Investing.com - The U.S. dollar steadied Friday, trading near a one-month high after stronger than U.S. jobless claims allayed fears of a looming recession in the world’s largest economy.
At 04:15 ET (09:15 GMT), the Dollar Index, which tracks the greenback against a basket of six other currencies, traded largely unchanged at 103.007, not far from levels seen before Friday’s labor market release.
Initial claims for state unemployment benefits fell 17,000 to a seasonally adjusted 233,000 for the week ended Aug. 3, data showed on Thursday, the largest drop in about 11 months.
This helped allay fears that the U.S. economy was heading for a hard landing and that the Federal Reserve was behind the curve with its decision not to cut rates late last month.
“The abnormally large reaction to jobless claims figures yesterday was a testament to markets' extremely elevated sensitivity to all sorts of indications on the US macro outlook right now,” said analysts at ING, in a now.
Attention will turn next week on the latest release of consumer prices, as traders look for more guidance towards the Fed’s likely future actions.
“We can reasonably expect the market reaction to next week’s US core CPI numbers to be significant even for small (second decimal of a percentage point) deviations from the consensus 0.2% MoM,” added ING.
The odds of the Federal Reserve cutting interest rates by 50 basis points at its next policy meeting are currently just above 50%, according to the CME Group's (NASDAQ:CME) FedWatch Tool, with a 25 basis point cut now seen as having a 46% probability.

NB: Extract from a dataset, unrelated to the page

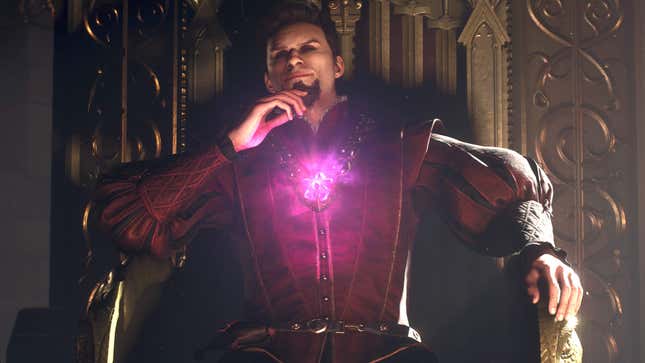 A evil king smiles.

In Europe, EUR/USD slipped slightly to 1.0917, having soared as high as 1.1009 for the first time since Jan. 2 at the start of the week.
The European Central Bank started cutting interest rates in June, and many expect the policymakers to agree to another reduction in September.
Italian EU-harmonised consumer prices fell 0.9% month-on-month in July and were up 1.6% from the year earlier, suggesting inflationary pressures were limited in the eurozone’s third-largest economy.
GBP/USD rose 0.2% to 1.2768, continuing the 0.5% rally overnight that yanked it back from a more than one-month low.
However, it remained on course for small losses this week, which would be a fourth straight week of declines.
In Asia, USD/JPY fell 0.1% to 147.20, but was trading well above lows of around 141.60 hit earlier in the week.
The yen’s turnabout came as BOJ officials said they would not hike interest rates during market volatility, tempering a hawkish message from the central bank during an end-July meeting.
But despite weakening this week, the yen was still sitting on stellar gains against the dollar over the past month, especially as the global carry trade began to unwind.
USD/CNY edged lower to 7.1739, with the yuan helped by data showing the Chinese consumer price index grew more than expected in July, while the producer price index inflation fell slightly less than expected.